- Problem statement -
Only the pictures should be dropped; every line of the data must come back exactly as written.

- Given material -
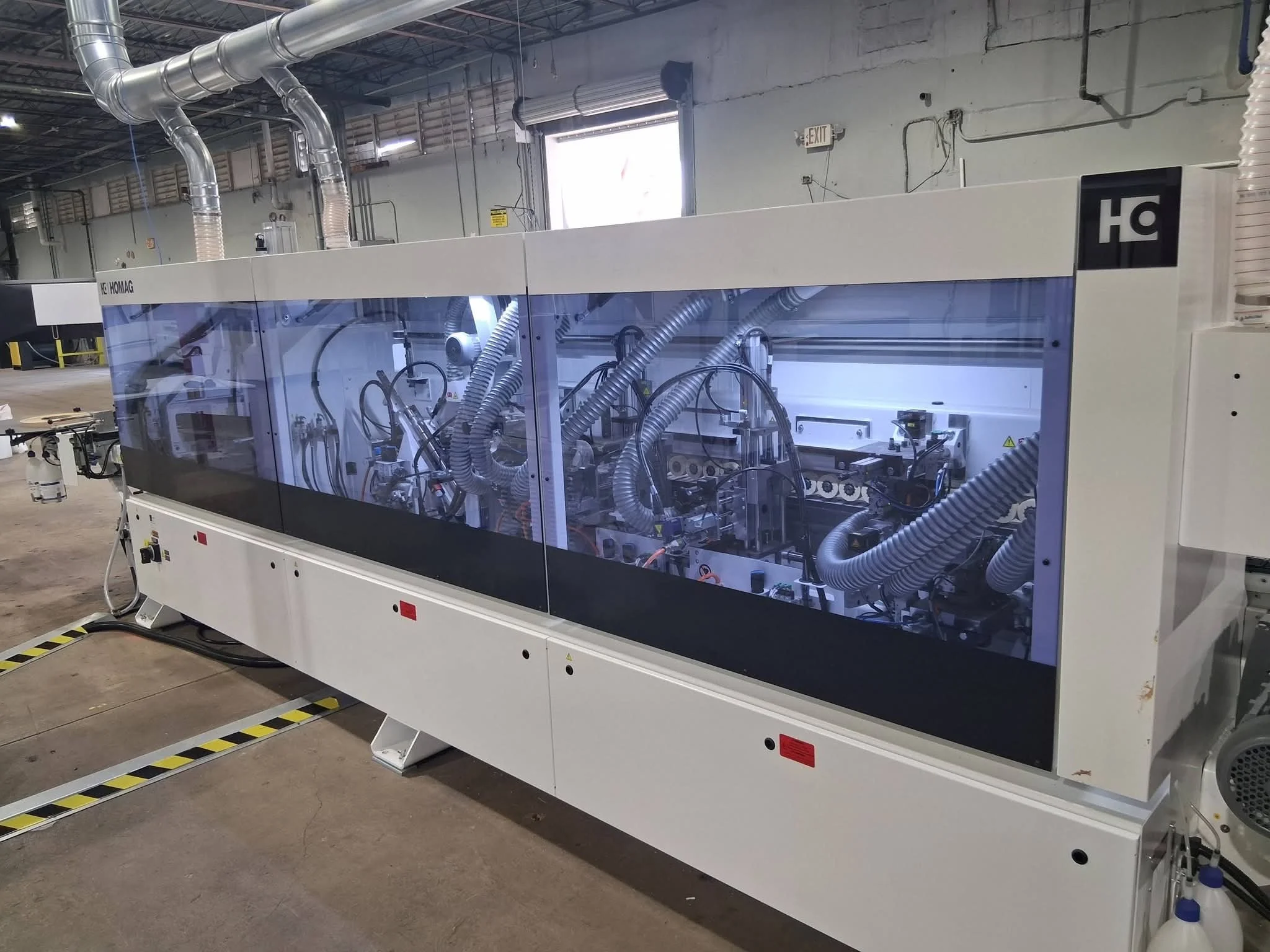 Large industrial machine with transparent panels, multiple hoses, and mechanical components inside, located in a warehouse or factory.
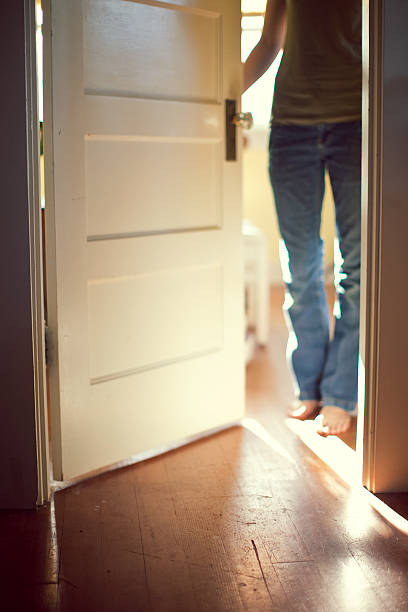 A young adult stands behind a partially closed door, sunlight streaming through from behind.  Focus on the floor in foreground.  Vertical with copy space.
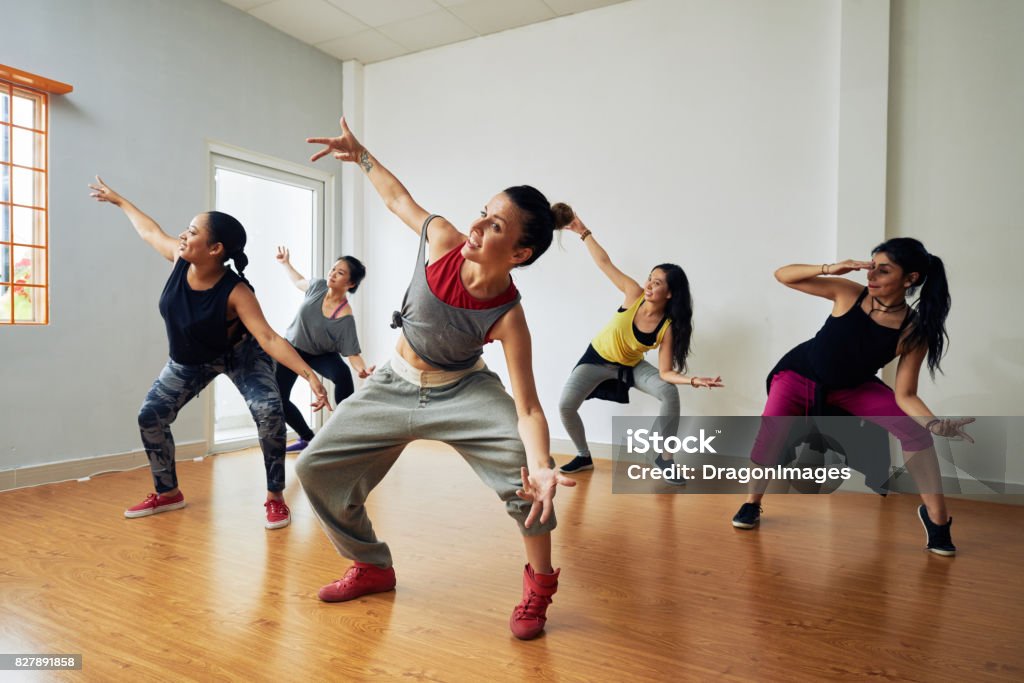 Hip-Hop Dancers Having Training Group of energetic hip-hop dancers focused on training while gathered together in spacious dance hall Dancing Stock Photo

- Answer to this task -
 Large industrial machine with transparent panels, multiple hoses, and mechanical components inside, located in a warehouse or factory.
 A young adult stands behind a partially closed door, sunlight streaming through from behind.  Focus on the floor in foreground.  Vertical with copy space.
 Hip-Hop Dancers Having Training Group of energetic hip-hop dancers focused on training while gathered together in spacious dance hall Dancing Stock Photo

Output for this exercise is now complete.